Just this past month, Rwandan President Paul Kagame followed neighboring rulers in Burundi, the Republic of Congo, and Togo to become the latest long-serving African ruler this year to attempt to extend his hold on power for a third term. Like his neighbors Kagame has done it legally, through a change in the nation’s constitutional term limits, but not without coercion.

“He’s never pretended to be a democrat,” says Boston University’s Timothy Longman, director of the African Studies Center. “There’s an attempt to respect the rule of law at one level, in contrast to military dictators, he did not seize power; he went through a process of changing power.”

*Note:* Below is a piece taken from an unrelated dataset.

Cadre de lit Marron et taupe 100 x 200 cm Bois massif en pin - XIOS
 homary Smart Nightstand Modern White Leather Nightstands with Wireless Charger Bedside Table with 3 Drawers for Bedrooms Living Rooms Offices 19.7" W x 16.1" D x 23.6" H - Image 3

But the process was not free and fair. Kagame supporters circulated a petition suggesting a constitutional change and obtained signatures from 60 percent of voters, over 3.5 million people. However, Longman says interviews about the process revealed that “people were going door to door and telling people to sign.” If they didn’t sign, the petitioners recorded their names and addresses. “It was not a free signature,” he says. “The petition tells us nothing about Rwandan public opinion.”

The petition, though, was influential. Rwanda’s Supreme Court cleared the way for the constitutional change and then just weeks ago the country’s upper house of parliament voted unanimously to make it so. The result is that the 54-year old Kagame could potentially remain in office until 2034. He’s been in power since 1994, following his Tutsi rebel force’s victory over the interim government at the end of the Hutu led genocide that killed over 800,000 Tutsis. Since then he’s won two consecutive terms with 95 percent of the vote in both elections.

But even though Kagame and the leaders of his neighboring countries are not violating their constitutions, the resistance to term limits is symbolic. It shows the continued fragility of African democracy. Third termism like this is a milestone on the road to president for life. Only term limits make it possible to consider voting someone out of office. And only then is it possible to transition power.

Kagame is being coy about whether he’ll allow a transition. He says he’s open to being persuaded to run again and wrote on his presidential twitter account that "If I ran again, I would do more of what I am doing to improve the well-being of the citizens of Rwanda."

It’s just that record of improved well-being that makes Kagame somewhat different than his peers trying to extend their power. Kagame is largely credited with praise for not only ending the Rwandan genocide but also for rebuilding the nation. The World Bank says between 2001 and 2014, real GDP growth averaged 8 percent per annum, far above the tepid growth of his neighboring countries.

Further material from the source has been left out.